Let the point $C$ be the midpoint of the line segment $AB$. We have to prove $MC\parallel KP$. Let us introduce angle $\alpha =\angle BKA$. Notice that $$\begin{array}{rl}\angle BLA& =180^{\circ }-\angle BMA=180^{\circ }-\frac{1}{2}\angle BOA=\\ & =180^{\circ }-\frac{1}{2}(180^{\circ }-\angle BKA)=90^{\circ }+\frac{1}{2}\alpha \end{array}$$ Also, notice that the point $O$ is midpoint of the arc $\text{widearc}AB$. Thus the line $KO$ is bisector of the angle $\angle BKA$. From the two claims above, we deduce that $L$ is incenter of the triangle $ABK$. Moreover, notice that $ML$ is diameter of the circle $k_2$, thus $\angle ABM=90^{\circ }$. Since $BL$ is angle bisector of the angle $\angle ABK$ we deduce that $BM$ is exterior angle bisector of the same angle. Thus, since $M$ lies on angle bisector $KM$ and exterior angle bisector $BM$, $M$ is the center of the excircle for the triangle $ABK$.
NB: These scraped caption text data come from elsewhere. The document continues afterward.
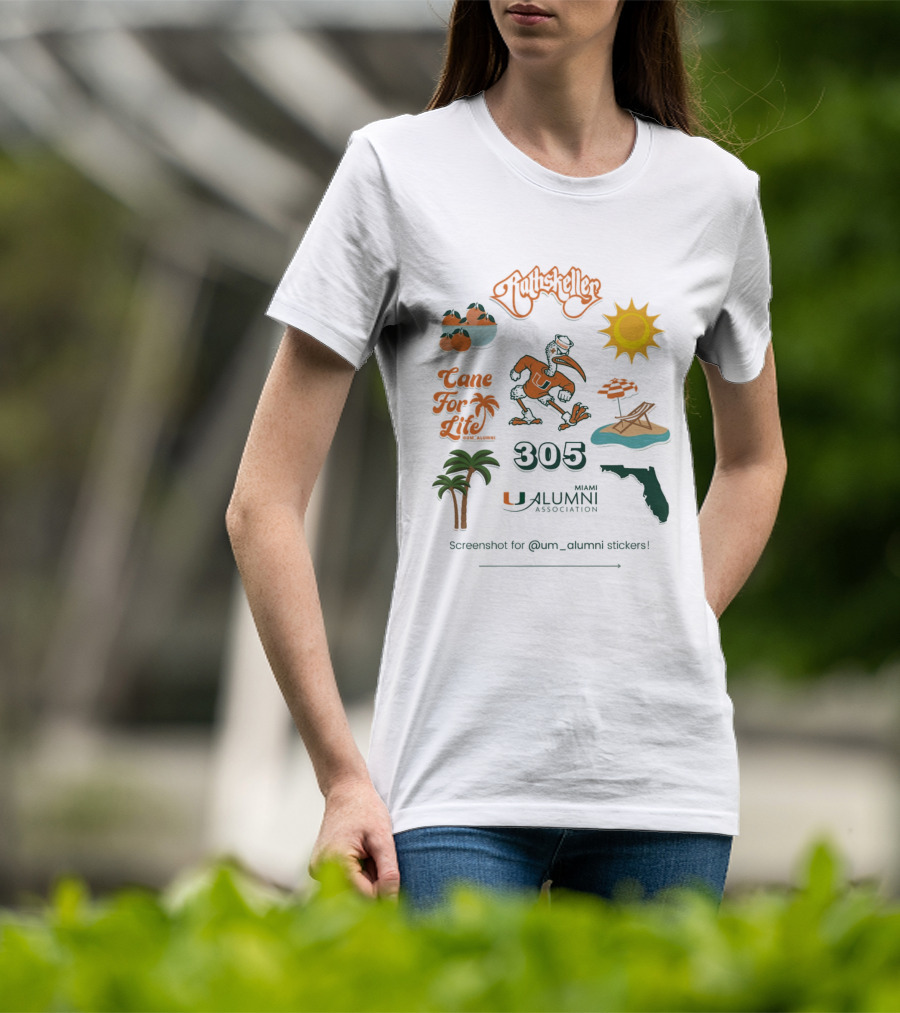 Miami Alumni Association Cane For Life 305 Florida Sun Beach Palms T-Shirt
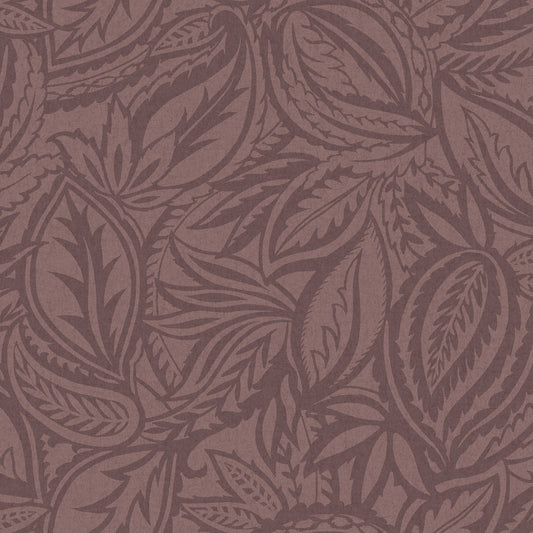 Maroon abstract paisley-leaf wallpaper — flat pattern detail, Musa by The Inside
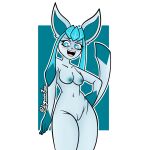  absurd_res anthro blue_body canid eeveelution female feral generation_4_pokemon genitals glaceon hi_res irgramfox mammal nintendo open_mouth pokemon pokemon_(species) pussy simple_background solo 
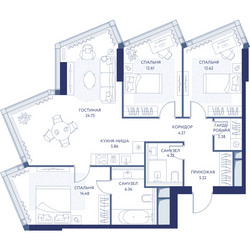 Планировка трехкомнатной(квартира) площадью 93 квадратных метров в ЖК “ЖК ХАЙДАУТ”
Thus, we have to prove that the line passing through the incenter $L$ of the triangle $ABK$ and point of the tangency of incircle of the same triangle is parallel to the line passing through the center of the excircle $M$ and the midpoint $C$ of the line segment $AB$. This is a well known lemma, which completes the proof.